Data were managed and analysed with IBM SPSS for Windows (IBM Corporation, Chicago, USA; https://www.ibm.com/spss) version 24. Simple comparisons (χ²-test for gender distribution and t-tests for age and years of education) between patients and controls were used for sociodemographic variables.
Regarding analysis of response times, we first removed the error trials before performing the computing analysis. Then, positive and negative interference scores were calculated. Interference is, by definition, a difference score between a baseline or non-conflicting measure (in this case, those trials in which the word was neutral) and a conflict condition (e.g. a trial in which the face was happy and the word was negative). Consequently, the negative interference score was calculated by subtracting the average response time of trials where the distractor was a neutral word, from negative incongruent trials. The same procedure was followed for calculating the positive interference score. Once interference effect was calculated for each condition, a 2 × 2 × 2 repeated-measures analysis of variance was conducted. The task (EESt, CESt) and the interference (positive, negative) were the within-participant factors, whereas the group (patients, controls) was the between-participants factor.

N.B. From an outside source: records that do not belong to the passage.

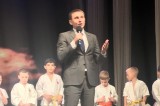 Изображение к новости 'Наша цель – сильная Россия!'. 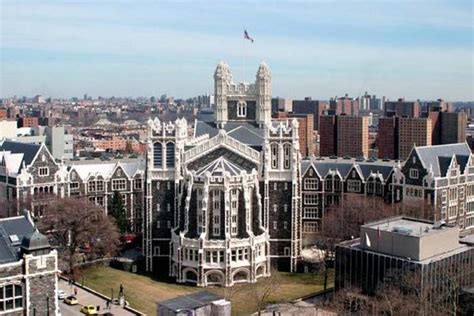 the city college of new york ranking|ccny computer science ranking.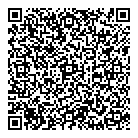 QR код "Атлант Модуль"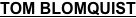 shapeimage_2_link_0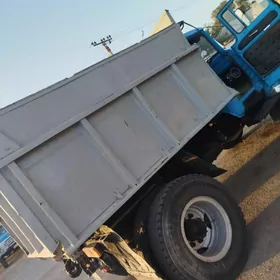 MYTY KERPIC MITI SEMENT ÇAGE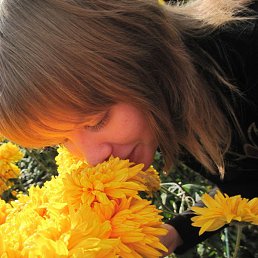 ����, �����������, 35 ���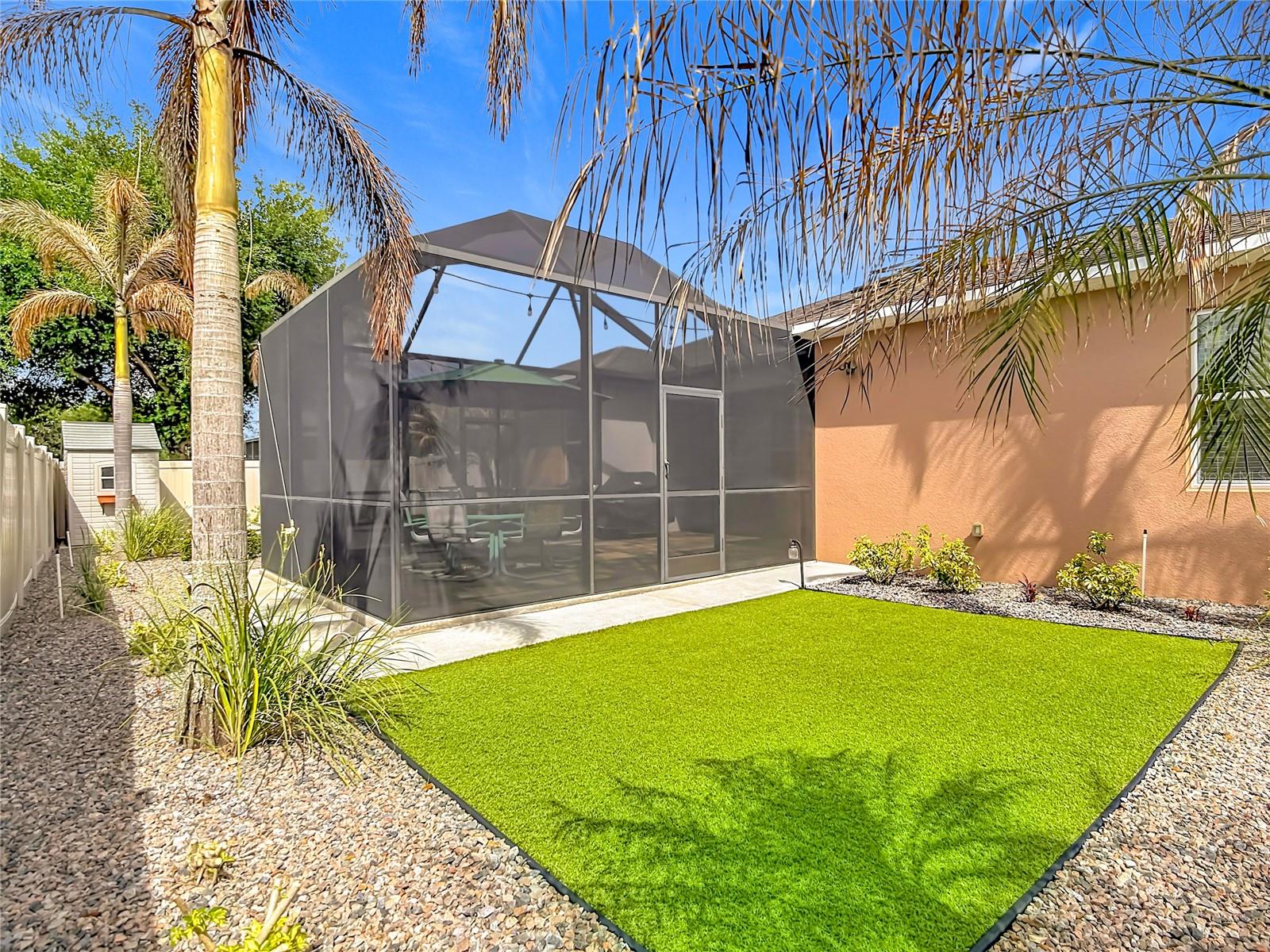 Image 49 of 73 For 1952 Wind Meadows Drive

Greenhouse–Geisser and Bonferroni corrections were applied when appropriate. Finally, Pearson's correlations were conducted to explore the possible association of performance in both tasks with clinical symptoms (PANSS factors according to the Wallwork model) and antipsychotic medication dosage (chlorpromazine equivalents). Results were considered significant when P < 0.05.
Results
As Table 1 shows, patients did not differ from controls in terms of age (t(56) = 0.369, P = 0.71) or gender distribution (χ2 = 1.73, P = 0.18). Patients had significantly fewer years of education compared with healthy controls (t(51) = 7.61, P < 0.001). Mean response times and error rates for each of the conditions in the task are presented in Table 2.

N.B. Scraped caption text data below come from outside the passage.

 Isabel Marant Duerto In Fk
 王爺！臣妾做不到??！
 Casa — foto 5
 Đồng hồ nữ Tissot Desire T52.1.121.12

Interference effect (response times)
Here, both tasks were submitted to the same analysis. First, a main effect of group was found (F(1,40) = 9.44, P = 0.004, η 2p = 0.19). Patients showed higher interference than controls (patients: mean 393.33, s.d. = 425.37; controls: mean 90.72, s.d. = 317.08; 95% CI 103.51–501.73). Second, a task×group interaction was found (F(1,40) = 12.18, P = 0.001, η 2p = 0.23). Although there were no significant differences between patients and controls in the CESt (P = 0.831), the interference in the EESt was higher for patients than for controls (patients: mean 744.19, s.d. = 738.36; controls: mean 152.39, s.d. = 550.31; P = 0.001, 95% CI 246.20–937.42). Additionally, an interference×group interaction was also present (F(1,40) = 7.705, P = 0.008, η 2p = 0.16). Regarding negative interference, there were no differences between patients and controls (P = 0.418). However, patients with schizophrenia showed higher interference effects than controls in positive incongruent trials (patients: mean 649.63, s.d. = 563.07; controls: mean 139.77, s.d. = 419.67; P < 0.001, 95% CI 246.30–773.43). Finally, the triple interaction task×interference×group was marginally significant (F(1,40) = 2.91, P = 0.096, η 2p = 0.07) (see Fig. 2). Similarly, post hoc comparisons revealed that in the EESt, patients showed greater positive interference than controls (patients: mean 1189.92, s.d. = 1016.4; controls: mean 269.11, s.d. = 757.6; P < 0.001, 95% CI 445.04–1396.58).
Cross-task and clinical variables correlations
The correlation between clinical variables and positive and negative interference in both the EESt and CESt are shown in Table 3. As can be seen, no significant correlations were found between tasks and symptoms, medication dose or age at onset of the disorder, except for the EESt negative interference condition and the cognitive/disorganised factor of the Wallwork model (r = 0.46, P = 0.04).
CPZeq, chlorpromazine equivalent dose (mg/day); PANSS, Positive and Negative Syndrome Scale.
*P < 0.05; significant correlations are highlighted in bold.
Discussion
The main objective of this study was to compare a group of patients with schizophrenia with a healthy control group in a cognitive versus emotional conflict modulation task. For this purpose, two emotional versions based on the Stroop paradigm were designed. In general terms, results reported in this study support the idea that patients with schizophrenia show a more pronounced deficit in emotional as opposed to cognitive control, compared with a group of healthy controls. Specifically, that deficit appears to be slanted toward positive emotional stimuli.
Interference measures based on response times suggested a poorer capacity of patients to inhibit irrelevant emotional information in the emotional conflict task compared with that of healthy controls. This outcome supports the notion that emotional information selectively interferes with the processing of emotional aspects of the target stimuli to a high degree in patients with schizophrenia. Analogous to the current cognitive task, previous literature found overall slower response times for patients with schizophrenia compared with controls.Reference Demily, Attala, Fouldrin, Czernecki, Ménard and Lamy30,Reference Sollier-Guillery, Fortier, Dondaine, Batail, Robert and Drapier31 Nevertheless, our results give additional evidence in the context of a within-task comparison, in which differences between patients and controls in the cognitive task appear to be smaller than those found in the emotional task. One possible explanation for the longer response times in patients with schizophrenia might be related to proactive versus reactive modes of cognitive control. Proactive control relies on the anticipation and prevention of interference before it occurs, whereas reactive control is considered a ‘late correction’ mechanism that is mobilised when a high-interference event is detected.Reference Barch and Ceaser32 Thus, the reactive form of control is less effective. Some authors have suggested that proactive control may be particularly impaired schizophrenia.Reference Edwards, Barch and Braver33 This would lead individuals with schizophrenia to rely more heavily on reactive control, especially when emotion-related conflicting information is handled.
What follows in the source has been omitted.